When Lina Wertmuller, the elfin feminist gadfly of Italian cinema, made SWEPT AWAY back in 1974, it was a tantalizing and brutal take on the war between the sexes, between the classes and on the whole human comedy. When Guy Ritchie re-wrote the script for his wife, Madonna, I’m sure he thought it was a good idea. Shrewish bitch-goddess with more money than God laid low by a dose of reality in the form of a hunky but poor fisherman when they are shipwrecked on a deserted island. And even with Madonna’s cinematic track record, I confess to holding out a shred of hope. Not a big one, not a serious one, but there it was. I was prepared to be surprised considering the type-casting and Ritchie’s own cinematic track record. Alas, the only surprise was in seeing how little a top-notch director can do with a woman who simply cannot act.
Ritchie, who so dazzled us with LOCK STOCK AND TWO SMOKING BARRELS, did his best to tailor the script specifically to fit his wife’s talents. Perhaps it is the rosy glow of love that caused him to so badly overestimate them. Her range consists of being shrill in even the most tender of moments, sometimes with the chin jutting at a peculiar angle, sometimes not. The speaking voice is a gravelly thing capable of evoking the worst of junior high theatrical productions with the imperceptible range of inflections of which it is capable. Further, its accent sometimes, and for no apparent reason, desperately attempts to leap the Atlantic into British, but falls short, say somewhere in Hoboken. The body language is somewhere between a rock and a hard place. In scenes of great emotion, romantic or caustic, Madonna reaches deep within herself with an effort requiring a level of concentration that is painful to observe and comes up with nada, goose eggs, zero, a big black hole.
The script itself, which preserves little of the original’s bite and adds nothing to compensate for the loss, is a mix of Marxism, Ayn Rand, the Stockholm Syndrome and what appears to be some personal issues between the Ritchies. In it, he has her slapped her around a lot, dancing suggestively with a fish, and in what defies all logic, lip-synching to someone else instead of actually singing in the fantasy production number. The dynamics of any marriage are complex, but surely those of this union exposed as they are in this way, must provide fodder for much discussion in scholarly circles and will, one day, provide fodder of a different nature for the children involved as they become old enough to sign those book deals for what will undoubtedly turn into bestsellers and perhaps even movies. I know I can’t wait.
But I digress.
On the one hand, one has to admire Madonna’s pluck. After so many bombs and receiving the Golden Raspberry for being the worst actress of the 20th century, she’s still trying to achieve cinematic success. On the other hand, I’m sick of sitting through dreck. Maybe we could all be spared these exercises in futility if we look at things from a slightly different perspective. Madonna wants to be a legend of the silver screen. I say that’s already happened, the way it’s happened for Bo Derek and Pia Zadora. Can’t we just leave it at that and all get on with our lives?

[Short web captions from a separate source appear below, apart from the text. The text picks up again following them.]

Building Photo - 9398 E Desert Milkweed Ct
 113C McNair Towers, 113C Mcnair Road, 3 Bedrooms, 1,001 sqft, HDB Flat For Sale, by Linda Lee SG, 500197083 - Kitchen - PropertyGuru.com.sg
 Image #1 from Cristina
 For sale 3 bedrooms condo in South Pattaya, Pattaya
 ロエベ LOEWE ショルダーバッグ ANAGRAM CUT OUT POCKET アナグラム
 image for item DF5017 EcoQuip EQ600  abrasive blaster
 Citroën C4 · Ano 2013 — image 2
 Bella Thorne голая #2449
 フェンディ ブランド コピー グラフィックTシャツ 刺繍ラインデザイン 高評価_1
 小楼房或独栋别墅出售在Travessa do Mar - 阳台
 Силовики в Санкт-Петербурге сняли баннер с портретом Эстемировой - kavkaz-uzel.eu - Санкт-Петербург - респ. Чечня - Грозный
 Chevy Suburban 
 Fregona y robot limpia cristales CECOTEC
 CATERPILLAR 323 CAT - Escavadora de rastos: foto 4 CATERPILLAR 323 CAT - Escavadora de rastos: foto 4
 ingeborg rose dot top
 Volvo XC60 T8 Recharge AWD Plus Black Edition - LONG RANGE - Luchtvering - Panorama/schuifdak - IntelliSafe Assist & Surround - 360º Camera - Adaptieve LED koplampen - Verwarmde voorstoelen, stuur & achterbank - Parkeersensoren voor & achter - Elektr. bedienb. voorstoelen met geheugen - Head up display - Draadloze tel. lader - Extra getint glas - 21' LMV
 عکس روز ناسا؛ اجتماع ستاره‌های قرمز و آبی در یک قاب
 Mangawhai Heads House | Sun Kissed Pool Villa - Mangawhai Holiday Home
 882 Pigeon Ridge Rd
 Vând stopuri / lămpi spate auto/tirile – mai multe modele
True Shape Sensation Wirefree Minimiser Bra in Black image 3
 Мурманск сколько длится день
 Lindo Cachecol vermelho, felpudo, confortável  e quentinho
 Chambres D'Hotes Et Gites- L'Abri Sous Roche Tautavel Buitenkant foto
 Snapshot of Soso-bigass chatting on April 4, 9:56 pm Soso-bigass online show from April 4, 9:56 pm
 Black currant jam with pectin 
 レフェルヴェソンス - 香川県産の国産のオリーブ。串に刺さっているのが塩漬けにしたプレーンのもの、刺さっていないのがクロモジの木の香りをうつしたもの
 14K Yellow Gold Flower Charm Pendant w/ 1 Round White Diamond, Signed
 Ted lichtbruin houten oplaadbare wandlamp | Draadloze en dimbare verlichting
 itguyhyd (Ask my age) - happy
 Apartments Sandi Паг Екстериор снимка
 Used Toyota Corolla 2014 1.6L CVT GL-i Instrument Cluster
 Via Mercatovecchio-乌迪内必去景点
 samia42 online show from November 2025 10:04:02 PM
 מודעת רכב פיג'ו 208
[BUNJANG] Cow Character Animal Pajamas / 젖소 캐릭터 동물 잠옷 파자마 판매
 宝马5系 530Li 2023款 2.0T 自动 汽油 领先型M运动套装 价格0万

The only nice thing here, and I’m from the south and so I have to try to find something nice to say, is the sleepy-eyed sexiness of Adriano Giannini as the poor fisherman forced to endure first Madonna’s ire and then her affection. In a bit of stunt casting that everyone is quick to disavow, he is the son of Giancarlo Giannini, who starred in same role in the original. And speaking of the original, it’s available on VHS and DVD and eminently worth viewing (or re-viewing).